越境住民27人、北朝鮮側拒否で送還できず(上)

 韓国政府は4日、先月5日に西海(黄海)を南下し、韓国側海域に越境した北朝鮮住民31人のうち、亡命意思を表明した4人を除く27人を板門店経由で北朝鮮側に送還しようとしたが、北朝鮮側の拒否で身柄を引き渡せなかった。

 統一部(省に相当)によると、北朝鮮への送還を望む住民27人は、午前11時ごろ板門店に到着した。しかし、北朝鮮側はいかなる反応も示さず、7時間後の午後6時ごろになって、韓国側連絡官に電話で「住民31人全員を船とともに海上ルートで送り返すべきだ」と通告してきた。北朝鮮側は「南(韓国)側がわれわれの要求を受け入れなければ、南北関係に悪い結果をもたらすことになる。その責任は全面的に南側当局が負うことになる」と主張した。

 韓国大統領府(青瓦台)当局者は「自由意思によって亡命した4人は送還しない」と述べ、送還問題をめぐる北朝鮮との緊張は当面続く見通しだ。

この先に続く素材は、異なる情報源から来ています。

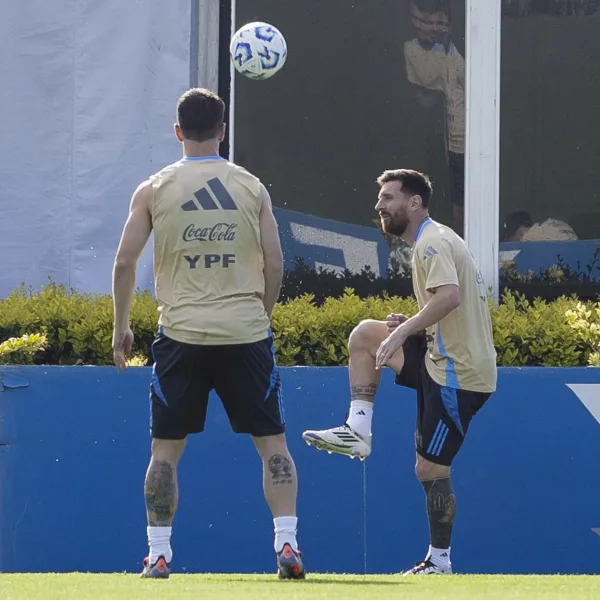 Angola pagó millones para jugar un amistoso con la Selección Argentina de Fútbol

 同日送還できなかった27人は、尋問を受けていた仁川方面に戻ったという。

 送還対象者が北朝鮮側の拒否で板門店から引き返したのは今回が初めてだ。韓国統一部の当局者は「7日に再び送還に必要な協議を北朝鮮側と行う」と説明した。

北朝鮮が拒否した理由

 韓国側に越境した北朝鮮住民のうち、一部だけが送還されたケースは2005年と10年の計2件あった。北朝鮮は当時、特にそれを問題視しなかった。北朝鮮が今回、強硬な姿勢を示したことをめぐっては、それだけ体制が揺らいでいることを反映しているとの見方がある。